Sob a outra questão, não apenas acho que Little Bill é racista (além de misógino), como o filme mostrou o racismo. Só o negro foi para a chibata. Claro que há o contexto do filme, ele foi acusado de assassinato, existe a questão da época, como bem colocou o Banzai, mas a cena me incomodou demais. Demais demais demais.

Banzai:
Também achei ele mais errado que o próprio Nascimento rsrsrs, o nascimento por exemplo torturou a mulher do Baiano, não acho que ele a mataria ahuauhhua. Mas se o Nascimento nascesse naquela época, será que isso não seria normal dele?!

TRILHA SONORA

Mau:
Outra coisa que me desagradou (e bem nesse sentido) foi a trilha sonora. Pontual, ela só aparece em alguns momentos, quando os cowboys estão cavalgando. Parece que ele pensou, bom western tem que ter cenas de cowboy cavalgando ao longe por pastagens desoladas, com uma música de fundo e etc. Dispensável. Além de serem bem ruizinhas 🙂

DETALHES

Banzai:
Encerrando: Por que Munny voltou a ser o que era por alguns instantes? Ele sempre disse que era o whiskey que fazia aquilo com ele, nada mais natural que essa situação ocorresse em Big Whiskey, Wiyoming…

Carlos:
Depois a mudança avança quando ele precisa matar uma pessoa pela primeira vez depois de mais de dez anos e, por filme, inverte-se de vez quando ele toma a bebida ao saber da morte de Ned.

Mau:
A morte do Ned, seu parceiro e única lembrança de sua antiga vida, mexe com ele. Na hora em que ele descobre, ele toma a garrafa de whiskey do Kid e passa a beber já deixando de lado todo o blá-blá-blá e pensando no homem que ele nunca deixou de ser. Outra dica disso é que ao longo do filme a voz dele é meio vacilante e insegura, mas ao entrar no bar como o antigo homem, sua voz tem mais impostação, é mais forte e decidida.

Cássia:
Outro ponto que achei importante foi a não banalização da morte. Parece contraditório, mas pensemos: Ned quis ir embora depois da primeira morte. O Kid se abriu em lágrimas por ter matado alguém. Will matou geral, mas antes teve a “justificativa” da morte de Ned. Aliás, depois disso, ele se mudou com os filhos e seguiu a vida, nunca mais matou ninguém. Inclusive, ele quem diz ao Kid sobre o peso que é matar alguém: você acaba com o que uma pessoa é e com o que ela faria na vida. Isso é bem pesado e é verdade. Não importa o que a pessoa tenha feito até aquele ponto, ela foi morta.
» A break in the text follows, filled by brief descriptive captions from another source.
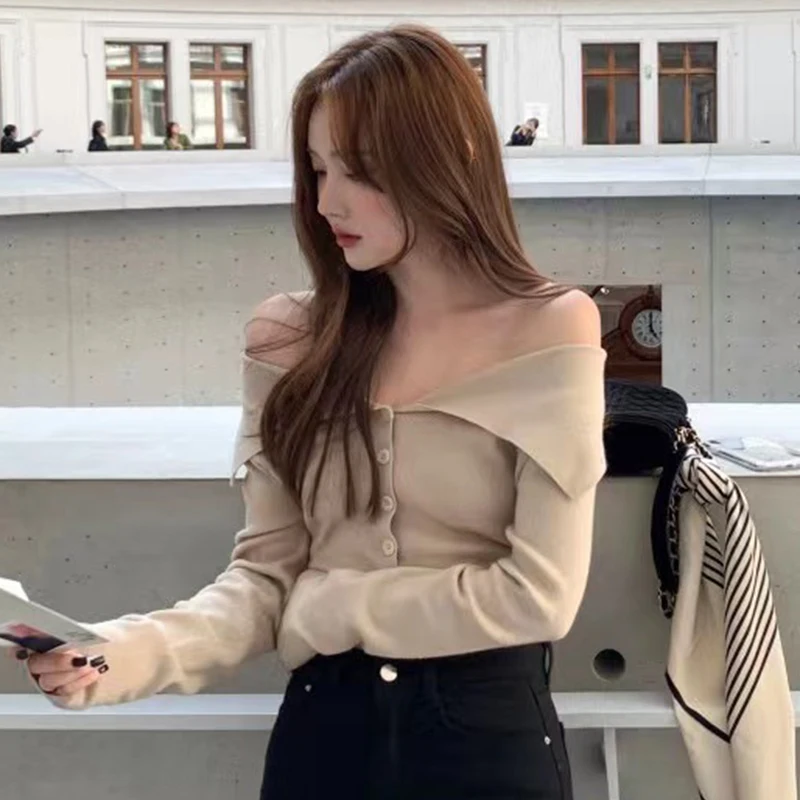 Chic Autumn Long Sve Knitted Sweater Slim Fit Single Button Chic One oulder Pure Color Versatile Commute Sle Korean Ve... 
Chic Autumn Long Sve Knitted Sweater Slim Fit Single Button Chic One oulder Pure Color Versatile Commute Sle Korean Ve...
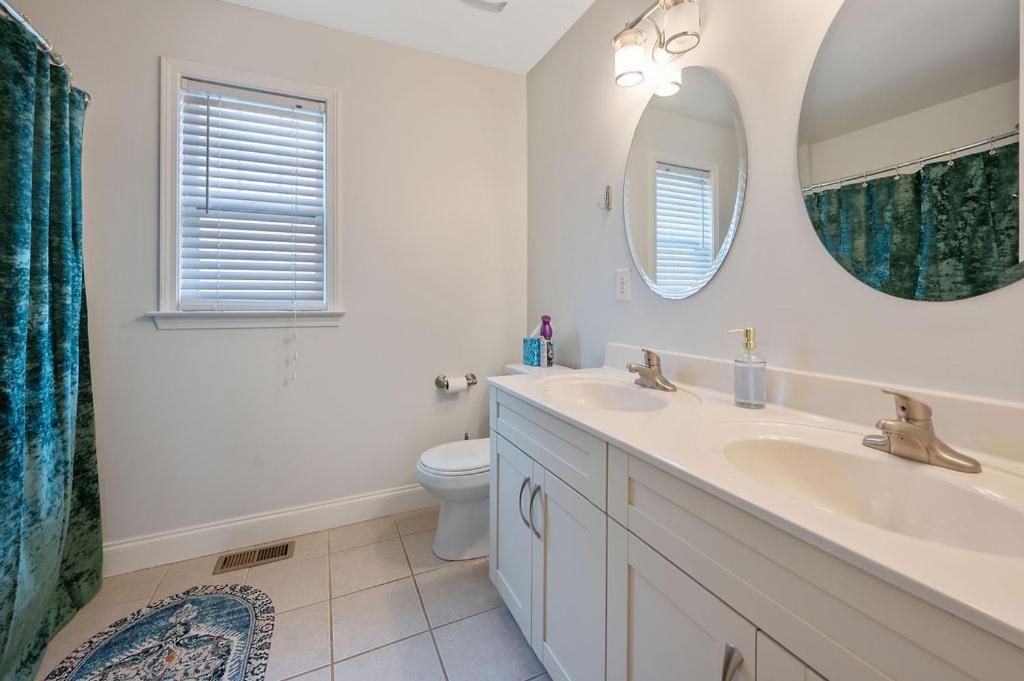 New Victorian Theme, 3Br, Lrg Backyard Close To Pnc Arena, Downtown, And Rdu Airport Raleigh Extérieur photo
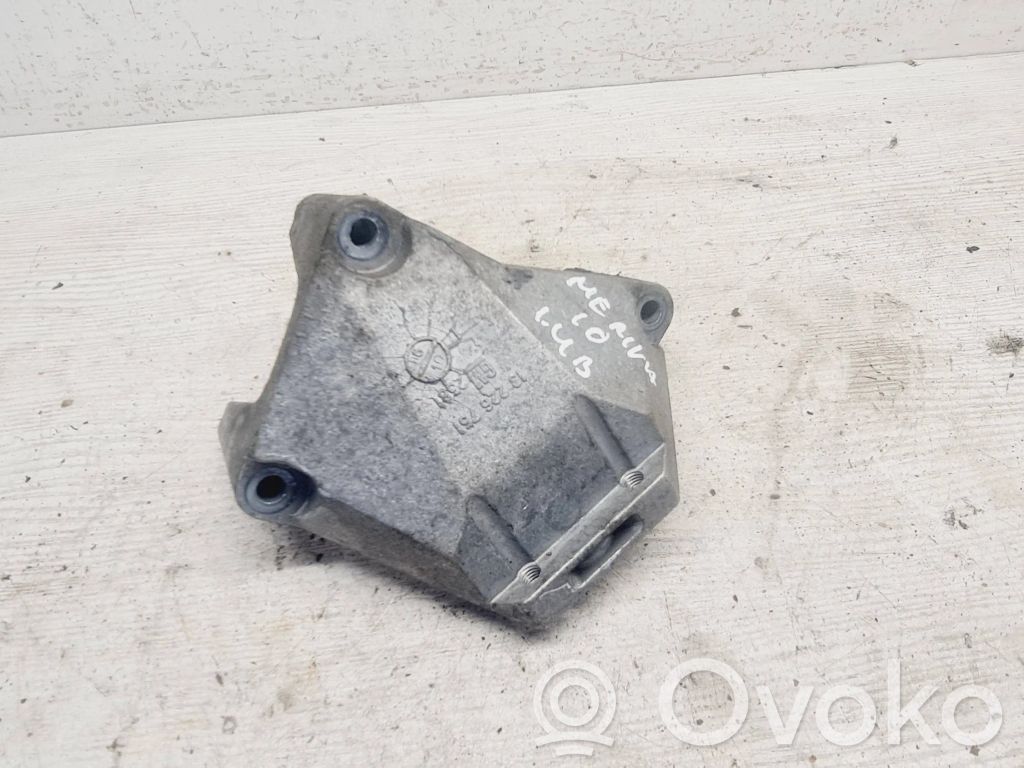 Opel Meriva B Engine mounting bracket 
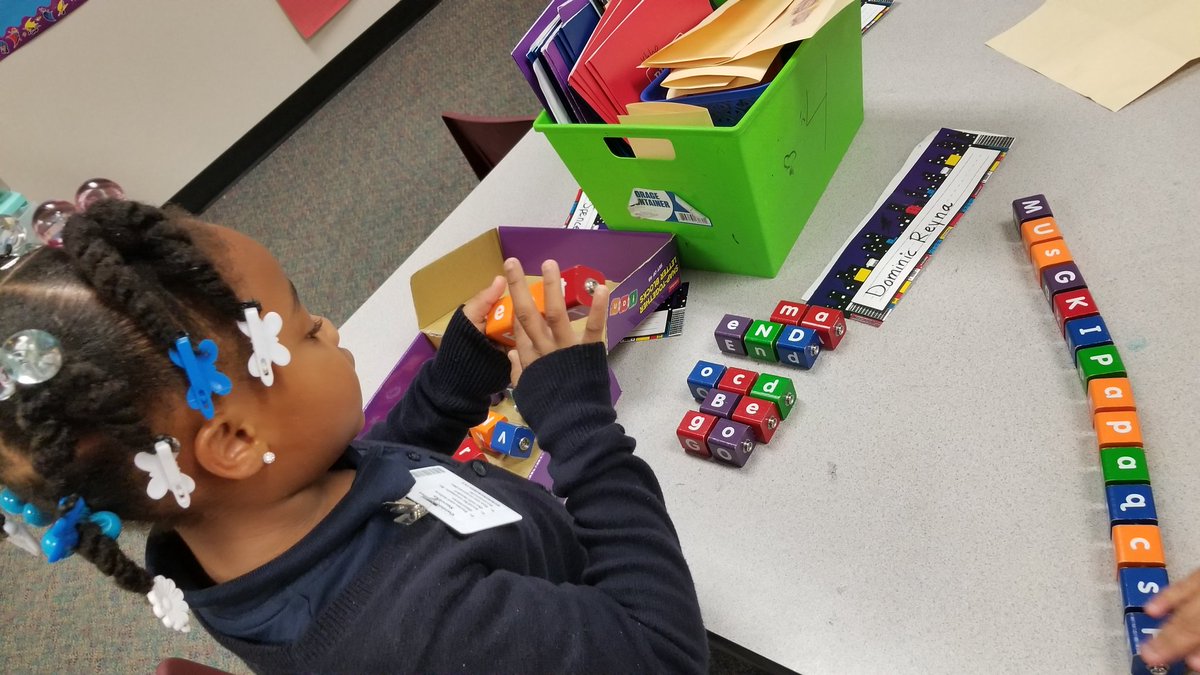 KARE24921's tweet photo. Students working in literacy centers during small groups. 😁 #dualkinder @HolmquistES https://t.co/4jjva29NSh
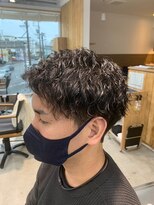 グランデュール 東静岡池田店(GRANDEUR)&nbsp;センターパートツイストスパイラルパーマ刈り上げメンズパーマ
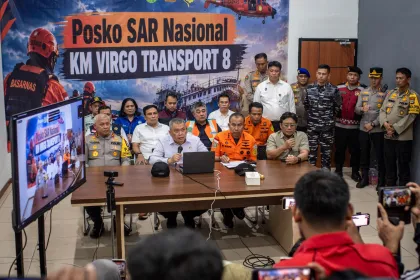 Berita Foto : Konferensi pers kecelakaan kapal Virgo Transport 8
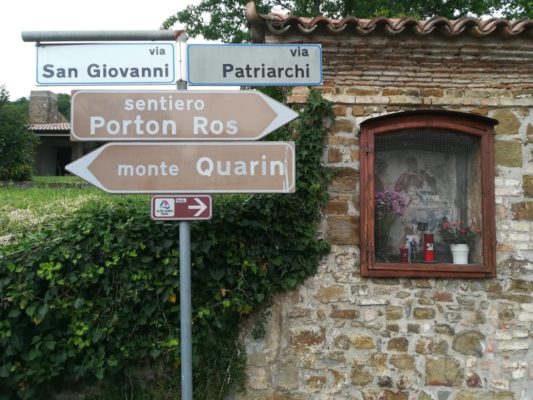 Segnaletica per il sentiero del Porton Ros a Cormons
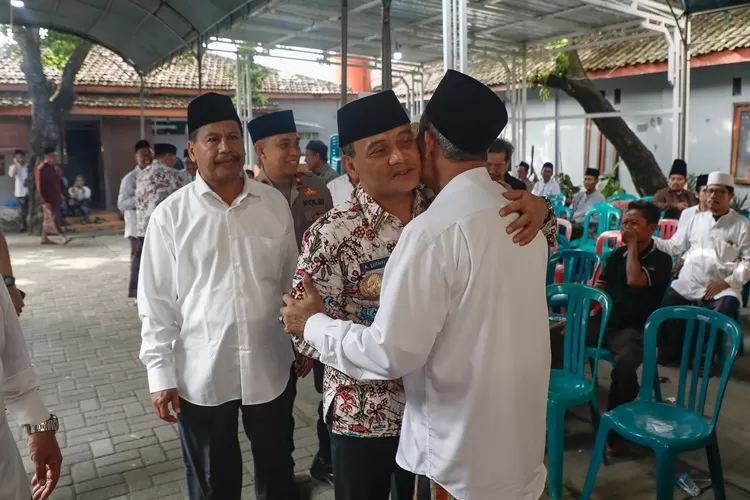 Gubernur Jateng Ahmad Luthfi saat menghadiri upacara pemakaman Hj Djamilahb Hamid Baidhowi di Rembang.  (Humas Jateng)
Num mundo em que um tiro na cabeça virou coisa corriqueira, ter essa visão nos dá um estalo sobre o real significado da vida de alguém.
Por fim, Will indo embora como paladino da justiça deve ter sido o clímax western, não foi? Hehehehe.

Daniel:
(…) gostei da análise da Cássia, especialmente sobre a não banalização da morte, que me passou despercebida e faz um contraponto interessante com o que vimos em “Os bons companheiros”.

Banzai:
Cássia sempre se expressando muito bem :), e a fala dele no filme, que tirar a vida é tirar MUITA coisa de alguém, é tirar tudo o que a pessoa tem e poderia ter é bem profunda, infelizmente poucos parecem saber disso…

Cássia:
É, Banzai, a vida está a preço de banana. Meu irmão e eu estávamos agora mesmo falando sobre o filme e soltamos juntos um “poutz, aquela frase do Will!”, porque ela é forte demais. É uma daquelas cenas que guardarei comigo.

Mau:
São esses pequenos detalhes que fazem a diferença entre um filme mediano e um bom/ótimo filme…

Banzai:
Reassistir um filme assim é prazeroso também pelas pequenas referências, detalhes. Espero que também tenham curtido!

Carlos:
Caramba, depois da análise de vocês percebi que assisti a um filme diferente. Vocês não ficam com a sensação de que não pegam um décimo do filme? Bom, pelo menos, cada filme que nós discutimos, tenho a certeza que nossa absorção cresce.

Cássia:
Carlos eu tenho a mesma sensação, de ter visto um filme diferente. Na verdade, sinto isso sempre e, assim, ler as análises de vocês sempre me acrescenta muita coisa. Dá vontade de ver o filme novamente.